#### [LISTED RECORDS]
★ ★ ★ ★ ★ ★ ★
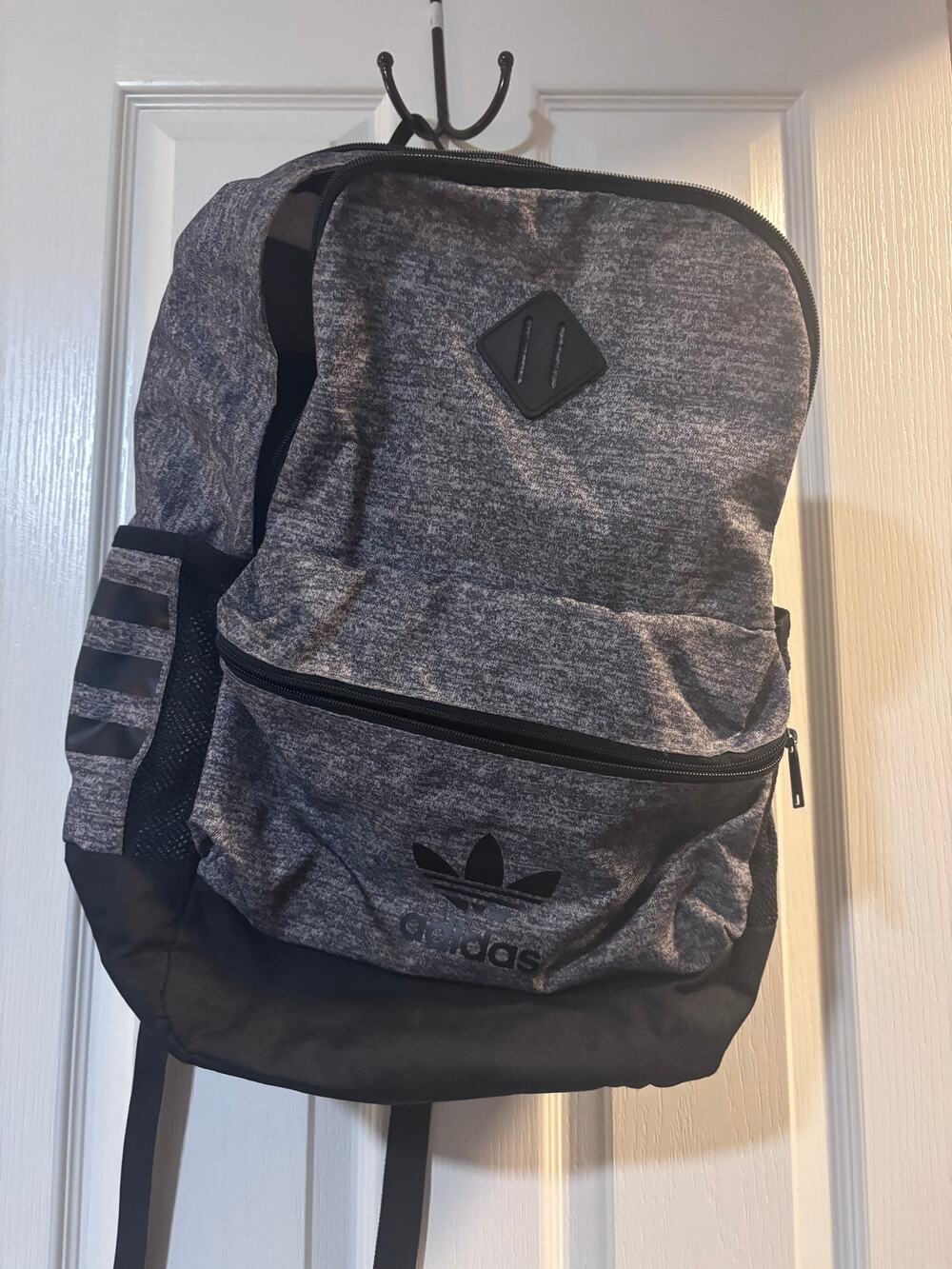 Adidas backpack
★ ★ ★ ★ ★ ★ ★
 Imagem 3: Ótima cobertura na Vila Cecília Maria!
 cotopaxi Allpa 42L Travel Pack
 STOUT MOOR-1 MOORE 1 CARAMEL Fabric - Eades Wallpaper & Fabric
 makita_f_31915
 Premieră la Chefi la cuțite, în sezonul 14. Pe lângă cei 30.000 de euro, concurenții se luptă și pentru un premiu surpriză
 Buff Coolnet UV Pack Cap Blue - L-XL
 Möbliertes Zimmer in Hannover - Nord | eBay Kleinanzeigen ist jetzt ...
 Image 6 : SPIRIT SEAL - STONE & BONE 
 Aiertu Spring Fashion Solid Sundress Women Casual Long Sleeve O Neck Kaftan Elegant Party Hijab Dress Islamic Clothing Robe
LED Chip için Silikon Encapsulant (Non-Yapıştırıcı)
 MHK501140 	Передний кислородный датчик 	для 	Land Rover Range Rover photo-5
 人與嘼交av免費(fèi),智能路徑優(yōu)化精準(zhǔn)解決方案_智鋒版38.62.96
★ ★ ★ ★ ★ ★ ★
#### [ASSIGNMENT]
Retype word for word everything in the listing above from the line that holds "Buff Coolnet UV Pack Cap Blue - L-XL" down to the line that holds "人與嘼交av免費(fèi),智能路徑優(yōu)化精準(zhǔn)解決方案_智鋒版38.62.96". Keep both end lines and leave out the rest.

#### [PROBLEM SOLUTION]
 Buff Coolnet UV Pack Cap Blue - L-XL
 Möbliertes Zimmer in Hannover - Nord | eBay Kleinanzeigen ist jetzt ...
 Image 6 : SPIRIT SEAL - STONE & BONE 
 Aiertu Spring Fashion Solid Sundress Women Casual Long Sleeve O Neck Kaftan Elegant Party Hijab Dress Islamic Clothing Robe
LED Chip için Silikon Encapsulant (Non-Yapıştırıcı)
 MHK501140 	Передний кислородный датчик 	для 	Land Rover Range Rover photo-5
 人與嘼交av免費(fèi),智能路徑優(yōu)化精準(zhǔn)解決方案_智鋒版38.62.96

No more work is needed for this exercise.